Reifer v. Westport Ins. Corp., No. 4:12-CV-0533 (M.D. Pa. May 1, 2013), did not involve “parallel proceedings”; it is a coverage dispute that the defendant insurer removed to federal court, without objection from the plaintiff. The parties fully briefed a dispositive motion (among other motions), and a Magistrate Judge, in a 41-page opinion, upheld the insurer’s position on coverage and recommended that the case be dismissed on the merits. But the district court rejected that recommendation and sua sponte dismissed the case, without prejudice, on the ground that the court did not wish to exercise jurisdiction. In explanation of why it would refuse to hear the case, even after a dispositive motion on the merits had been decided, the court stated:

[T]his action presents the common case of an insurance company coming to federal court, under diversity jurisdiction, to receive declarations on purely state law matters. This weighs heavily against the Court exercising jurisdiction . . . .

Reifer was quoting Allstate Prop. & Cas. Ins. Co. v. Owens, No. 11-4 (W.D. Pa. Jan. 11, 2011), which was the first of a string of similar decisions from the Middle and Western Districts of Pennsylvania. In these cases, the courts have declined to hear declaratory judgment actions about insurance coverage—even in the absence of any state court proceeding—if jurisdiction is based solely on diversity, and if the court is not called upon to interpret federal law. See, e.g., Encompass Indemnity Co. v. Rutherford, No. 12-114 (W.D. Pa. Feb. 10, 2012); Maxum Indemnity Co. v. Heyl & Patterson, Inc., No. 2:11-01111 (W.D. Pa. Sept. 12, 2011).

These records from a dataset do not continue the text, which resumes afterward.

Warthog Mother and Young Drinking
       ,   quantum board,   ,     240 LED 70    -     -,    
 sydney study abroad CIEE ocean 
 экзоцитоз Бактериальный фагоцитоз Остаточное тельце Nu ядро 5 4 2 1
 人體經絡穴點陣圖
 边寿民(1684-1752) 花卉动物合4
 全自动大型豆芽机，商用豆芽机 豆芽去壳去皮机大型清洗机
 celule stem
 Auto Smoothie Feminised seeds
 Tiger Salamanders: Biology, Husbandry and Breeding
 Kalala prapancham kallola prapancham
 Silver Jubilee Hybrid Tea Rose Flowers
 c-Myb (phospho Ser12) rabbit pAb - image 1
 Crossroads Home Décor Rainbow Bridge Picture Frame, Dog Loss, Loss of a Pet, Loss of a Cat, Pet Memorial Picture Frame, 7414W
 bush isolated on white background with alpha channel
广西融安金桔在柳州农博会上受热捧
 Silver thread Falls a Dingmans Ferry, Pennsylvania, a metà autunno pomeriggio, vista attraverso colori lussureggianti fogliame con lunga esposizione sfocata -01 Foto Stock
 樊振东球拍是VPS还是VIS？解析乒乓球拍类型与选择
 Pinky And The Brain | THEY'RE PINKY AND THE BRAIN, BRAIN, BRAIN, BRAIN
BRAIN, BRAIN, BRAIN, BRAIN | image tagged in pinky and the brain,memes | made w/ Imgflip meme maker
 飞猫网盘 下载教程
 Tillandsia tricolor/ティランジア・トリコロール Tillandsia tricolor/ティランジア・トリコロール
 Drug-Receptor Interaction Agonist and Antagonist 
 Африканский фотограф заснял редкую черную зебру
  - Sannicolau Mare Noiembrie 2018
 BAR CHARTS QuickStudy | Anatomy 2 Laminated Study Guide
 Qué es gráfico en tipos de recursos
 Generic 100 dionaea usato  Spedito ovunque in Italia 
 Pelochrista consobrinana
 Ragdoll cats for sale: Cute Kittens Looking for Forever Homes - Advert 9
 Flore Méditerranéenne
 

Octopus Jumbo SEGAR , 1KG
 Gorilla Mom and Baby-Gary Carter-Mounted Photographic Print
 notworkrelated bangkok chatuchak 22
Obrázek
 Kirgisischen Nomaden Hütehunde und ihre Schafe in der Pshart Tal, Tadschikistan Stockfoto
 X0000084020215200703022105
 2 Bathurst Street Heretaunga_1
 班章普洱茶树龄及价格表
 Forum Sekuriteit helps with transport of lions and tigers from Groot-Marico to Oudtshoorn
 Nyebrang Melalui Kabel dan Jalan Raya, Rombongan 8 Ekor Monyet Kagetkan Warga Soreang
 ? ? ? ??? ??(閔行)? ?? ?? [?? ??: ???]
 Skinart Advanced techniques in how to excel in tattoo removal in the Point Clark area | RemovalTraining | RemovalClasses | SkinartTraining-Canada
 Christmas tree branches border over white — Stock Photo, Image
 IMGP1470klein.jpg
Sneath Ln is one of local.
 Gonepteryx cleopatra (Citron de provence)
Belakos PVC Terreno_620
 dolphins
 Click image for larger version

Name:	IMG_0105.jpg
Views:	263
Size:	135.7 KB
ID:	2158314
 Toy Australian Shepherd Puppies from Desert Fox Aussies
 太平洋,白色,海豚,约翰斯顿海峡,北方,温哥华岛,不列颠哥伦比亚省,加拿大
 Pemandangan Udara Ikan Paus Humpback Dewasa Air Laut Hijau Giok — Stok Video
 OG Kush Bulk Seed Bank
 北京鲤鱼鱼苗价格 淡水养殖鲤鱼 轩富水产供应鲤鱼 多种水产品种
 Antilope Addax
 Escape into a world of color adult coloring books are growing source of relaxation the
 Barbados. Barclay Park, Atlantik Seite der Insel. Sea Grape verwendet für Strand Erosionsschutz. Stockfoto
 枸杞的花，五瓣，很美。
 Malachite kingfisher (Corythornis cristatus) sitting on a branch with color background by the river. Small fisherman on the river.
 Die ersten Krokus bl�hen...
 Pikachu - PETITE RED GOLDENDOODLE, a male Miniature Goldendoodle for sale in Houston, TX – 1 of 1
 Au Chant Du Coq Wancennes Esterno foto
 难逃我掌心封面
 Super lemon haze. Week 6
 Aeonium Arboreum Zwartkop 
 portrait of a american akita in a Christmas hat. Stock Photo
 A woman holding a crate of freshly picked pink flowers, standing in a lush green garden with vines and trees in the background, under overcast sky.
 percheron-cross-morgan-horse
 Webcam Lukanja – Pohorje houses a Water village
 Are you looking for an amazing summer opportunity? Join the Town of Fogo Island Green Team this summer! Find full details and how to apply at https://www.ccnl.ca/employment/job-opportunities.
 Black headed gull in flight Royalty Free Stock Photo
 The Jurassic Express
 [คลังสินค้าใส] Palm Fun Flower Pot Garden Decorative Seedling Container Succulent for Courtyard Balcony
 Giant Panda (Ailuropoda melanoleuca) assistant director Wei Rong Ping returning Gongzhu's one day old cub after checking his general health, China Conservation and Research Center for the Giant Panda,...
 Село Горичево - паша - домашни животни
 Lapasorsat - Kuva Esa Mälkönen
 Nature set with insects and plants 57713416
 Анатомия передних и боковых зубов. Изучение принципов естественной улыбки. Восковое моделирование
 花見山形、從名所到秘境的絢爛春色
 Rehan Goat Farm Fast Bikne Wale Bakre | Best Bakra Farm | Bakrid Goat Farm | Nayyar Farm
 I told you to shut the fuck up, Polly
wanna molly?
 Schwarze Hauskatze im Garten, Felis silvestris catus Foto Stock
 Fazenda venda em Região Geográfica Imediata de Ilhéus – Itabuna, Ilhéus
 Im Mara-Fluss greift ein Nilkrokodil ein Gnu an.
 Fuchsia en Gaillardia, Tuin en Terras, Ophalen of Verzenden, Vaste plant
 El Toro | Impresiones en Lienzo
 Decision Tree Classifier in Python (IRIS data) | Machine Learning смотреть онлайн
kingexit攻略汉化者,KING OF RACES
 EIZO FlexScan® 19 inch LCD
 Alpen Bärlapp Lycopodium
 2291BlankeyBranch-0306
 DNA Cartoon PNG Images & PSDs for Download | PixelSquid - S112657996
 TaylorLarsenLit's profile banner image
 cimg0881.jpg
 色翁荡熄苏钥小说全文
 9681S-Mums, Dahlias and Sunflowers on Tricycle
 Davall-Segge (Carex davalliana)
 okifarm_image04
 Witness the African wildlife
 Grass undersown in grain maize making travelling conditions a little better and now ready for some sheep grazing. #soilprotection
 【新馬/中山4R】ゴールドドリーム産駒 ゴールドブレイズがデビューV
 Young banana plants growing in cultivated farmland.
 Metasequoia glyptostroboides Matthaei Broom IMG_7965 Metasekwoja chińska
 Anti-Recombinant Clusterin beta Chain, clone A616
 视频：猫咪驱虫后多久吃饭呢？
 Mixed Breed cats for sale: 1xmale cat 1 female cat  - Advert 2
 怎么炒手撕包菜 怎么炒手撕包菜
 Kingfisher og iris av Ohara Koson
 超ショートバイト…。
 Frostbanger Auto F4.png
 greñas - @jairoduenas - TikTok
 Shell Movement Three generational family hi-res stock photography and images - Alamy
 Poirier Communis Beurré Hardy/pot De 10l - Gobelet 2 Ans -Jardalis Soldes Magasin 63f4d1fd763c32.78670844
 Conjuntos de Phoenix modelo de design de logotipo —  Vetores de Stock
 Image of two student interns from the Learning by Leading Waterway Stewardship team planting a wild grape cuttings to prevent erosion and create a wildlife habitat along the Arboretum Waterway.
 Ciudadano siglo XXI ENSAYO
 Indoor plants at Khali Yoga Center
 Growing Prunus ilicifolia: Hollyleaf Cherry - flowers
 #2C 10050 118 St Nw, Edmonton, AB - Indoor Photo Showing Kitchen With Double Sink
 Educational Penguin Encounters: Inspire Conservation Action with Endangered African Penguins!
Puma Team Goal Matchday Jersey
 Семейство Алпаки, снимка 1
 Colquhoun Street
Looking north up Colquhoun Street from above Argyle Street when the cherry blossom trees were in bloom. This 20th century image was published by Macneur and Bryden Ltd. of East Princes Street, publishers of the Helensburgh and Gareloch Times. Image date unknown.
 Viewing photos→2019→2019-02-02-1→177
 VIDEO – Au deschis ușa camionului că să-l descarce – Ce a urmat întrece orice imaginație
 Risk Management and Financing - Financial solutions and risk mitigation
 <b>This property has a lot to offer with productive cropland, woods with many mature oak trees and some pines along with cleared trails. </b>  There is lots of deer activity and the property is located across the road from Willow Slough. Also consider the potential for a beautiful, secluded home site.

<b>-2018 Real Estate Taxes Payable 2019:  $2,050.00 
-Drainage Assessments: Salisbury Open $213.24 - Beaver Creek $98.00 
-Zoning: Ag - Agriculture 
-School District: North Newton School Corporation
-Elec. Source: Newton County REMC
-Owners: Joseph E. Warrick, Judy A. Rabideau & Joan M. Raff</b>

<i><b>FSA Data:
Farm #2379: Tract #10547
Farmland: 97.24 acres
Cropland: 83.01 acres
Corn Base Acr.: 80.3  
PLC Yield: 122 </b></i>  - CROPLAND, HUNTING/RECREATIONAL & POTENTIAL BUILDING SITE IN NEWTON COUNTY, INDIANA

Owens and its progeny rely heavily on the decision of the U.S. Court of Appeals for the Third Circuit, in State Auto Ins. Cos. v. Summy, 234 F.3d 131 (3d Cir. 2000). Summy was a coverage dispute that was “parallel” to a state court declaratory judgment action (albeit one that the insured filed in response to the insurer’s diversity suit), and it concerned an issue that was “not settled law” in Pennsylvania. The Court of Appeals noted that “it is important that district courts ‘step back’ and allow the state courts the opportunity to resolve unsettled state law matters.” It therefore ruled that the district court should have abstained from hearing the case, because it “[c]learly . . . [fell] outside the area outlined by Brillhart . . . as appropriate for the District Court to exercise its jurisdiction.”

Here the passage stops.